The recent Bank of England paper embracing post-Keynesian endogenous money creation has Steven Keen punching Paul Krugman on the nose today at locked-Business Spectator:
Stage one in the textbook money creation model is that the Fed (or the Bank of England) gives the banks additional reserves — say $100 billion worth. Then in stage two, the banks lend this to their customers, who then deposit it right back into banks, who hang on to 10 per cent of it ($10 billion) and lend the remaining $90 billion out again. This process iterates until an additional $1 trillion of deposits are created, so that the reserve ratio is restored ($1.1 trillion in reserves, $11 trillion in deposits).
This is the traditional “fractional reserve banking” model of money creation. The BOE is now arguing that:
• Rather than banks receiving deposits when households save and then lending them out, bank lending creates deposits. (p. 1)
• In normal times, the central bank does not fix the amount of money in circulation, nor is central bank money ‘multiplied up’ into more loans and deposits… (p. 1)
Keen the turns to Krugman:
I will in particular be curious to see whether Paul Krugman notes this paper, and how he reacts to it. Krugman has been the most visible and aggressive defender of the proposition that banks don’t matter, with this including throwing a haymaker at me for making the case that the Bank of England is now making.

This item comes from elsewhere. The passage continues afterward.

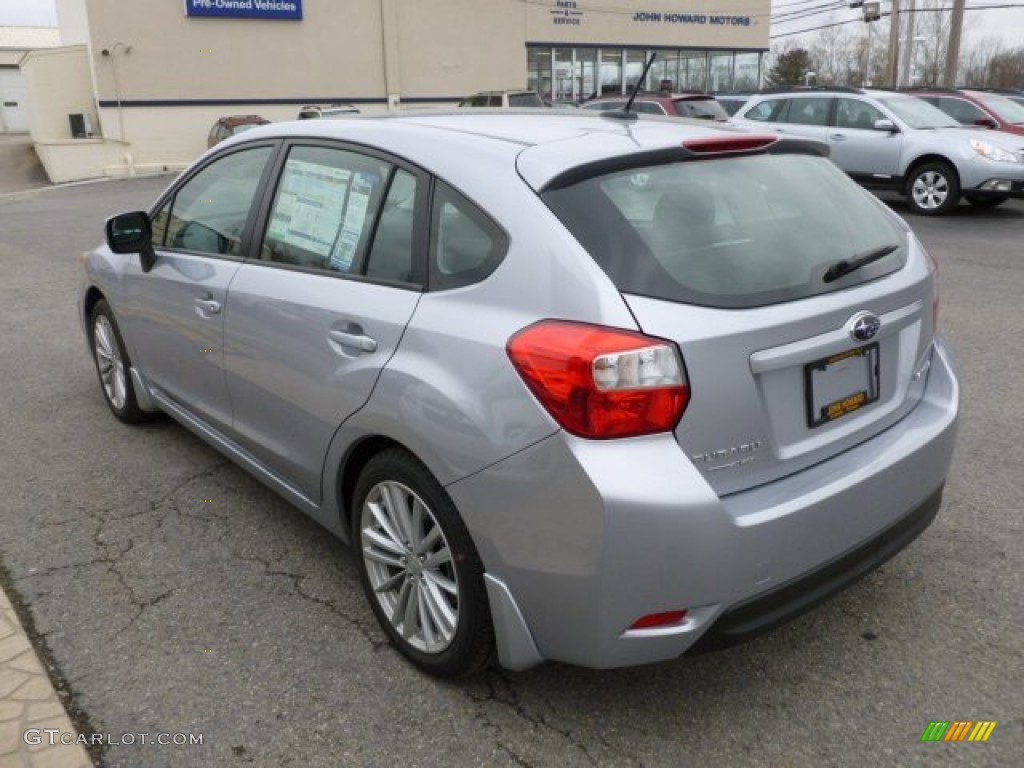 2012 Impreza 2.0i Premium 5 Door - Ice Silver Metallic / Black photo #4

…he wrote: “Banks are just another kind of financial intermediary, and the size of the banking sector — and hence the quantity of outside money — is determined by the same kinds of considerations that determine the size of, say, the mutual fund industry.”
Keen is right and Krugman is wrong. Fractional reserve banking went out with arc, except in a few places like China. Reserves don’t limit lending only capital does.
How? When a bank creates a loan it also creates a deposit so, in theory, there is no limit how many loans/deposits that can be created. But there are still constraints. To prevent banks from lending infinitely against an ever declining capital base, Basel III requires them to hold a ratio of capital versus the amount of loans. Capital takes the form of long-term sub-ordinated debt, equity, reserves etc.
This is modern monetary theory (MMT) and to this point it makes perfect sense. It starts to lose its way when MMT practitioners claim that because loans create deposits and we issue our own currency, there is no limit, ever, on lending. At its most extreme this argument concludes we could have an employment guarantee because debt just doesn’t matter, ever.
The problem with this is that the economy is not closed. We exchange goods and services with other economies and they lend to our banks the capital (and equity) to expand our lending. They don’t want to be paid back in devalued currency and so they won’t lend any more if they see excessive monetary creation. Of course you could close the border and let the central bank keep lending to the banks but that’s hardly realistic.
Western banking systems are post-Keynesian but markets are monetarist.